Batı bu açıklamayı kendi açısından bir “zafer” olarak görüyor. Putin böylece Ukrayna politikasının ağır faturasını ödüyor. Rus yetkililerinin belirttiğine göre yaptırımların yanı sıra Batı’nın manipülasyonuyla petrol fiyatlarındaki büyük düşüş, Rusya’ya toplam 140 milyar dolara mal olmuştur.
Ancak Putin bunlardan bezecek ve geri adım atacak bir politikacı değil elbet. Ne de olsa onun elinde özellikle Avrupalıları Rusya’ya bağımlı duruma getiren bir enstrüman, yani büyük doğalgaz ve petrol kaynakları var.

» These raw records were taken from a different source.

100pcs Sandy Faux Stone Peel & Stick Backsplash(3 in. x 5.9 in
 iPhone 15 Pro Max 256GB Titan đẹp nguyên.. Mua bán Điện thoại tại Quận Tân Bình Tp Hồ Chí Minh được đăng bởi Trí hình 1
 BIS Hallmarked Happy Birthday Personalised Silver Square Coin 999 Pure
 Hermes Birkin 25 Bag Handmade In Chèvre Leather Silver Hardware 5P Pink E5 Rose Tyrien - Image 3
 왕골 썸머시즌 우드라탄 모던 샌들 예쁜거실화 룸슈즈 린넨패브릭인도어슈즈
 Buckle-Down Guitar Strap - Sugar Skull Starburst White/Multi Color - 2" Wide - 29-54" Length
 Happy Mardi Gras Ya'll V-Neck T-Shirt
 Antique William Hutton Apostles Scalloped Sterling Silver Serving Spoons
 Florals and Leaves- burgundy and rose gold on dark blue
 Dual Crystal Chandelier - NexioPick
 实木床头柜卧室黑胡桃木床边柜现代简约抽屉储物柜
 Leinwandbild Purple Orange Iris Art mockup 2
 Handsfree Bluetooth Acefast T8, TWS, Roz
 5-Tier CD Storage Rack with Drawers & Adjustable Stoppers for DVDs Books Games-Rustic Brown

Nitekim Putin, Güney Akım projesinin alternatifini planlayıp Türkiye ile anlaşmakta gecikmedi. Ankara’dan AB’ye restini çekerken, Cumhurbaşkanı Erdoğan ile bu mutabakatı imzaladı.
Yabancı analistler bu anlaşmayı aslında Türkiye’nin başarısı olarak nitelendiriyorlar. “New York Times” da “Bundan kazançlı çıkan Türkiye oldu” diye yazıyor.
Yani Batı ile Rusya arasındaki gerginlik sonucu askıya alınan Güney Akım projesi, Türkiye’nin ayağına bir fırsat olarak geliverdi!
Nereye kadar?
Rusya’ya karşı uygulanan yaptırımlar ekonomik alanda Türkiye’ye başka fırsatlar da sunuyor. Örneğin Türkiye, Rusya’ya artık Avrupa’dan alamadığı bazı ürünleri (yaş meyve ve sebze gibi) satabilecek durumda.
Türkiye her ne kadar Rusya’nın Ukrayna politikasına karşı çıkıyorsa da (ki bunu alçak sesle dile getiriyor), ona karşı uygulanan yaptırımlara katılmıyor.
Kısacası, Rusya’nın yaşadığı yeni sıkıntılı durum Türkiye’nin bu komşusuyla işbirliğini -ve hatta Cumhurbaşkanı Erdoğan’ın deyişiyle “dayanışmasını”- pekiştirmek fırsatını veriyor.
Ancak bu fırsatları değerlendirirken Ankara, Batı ile mevcut bağlarını göz önünde tutmak ve dengeyi dikkatle sürdürmek durumundadır.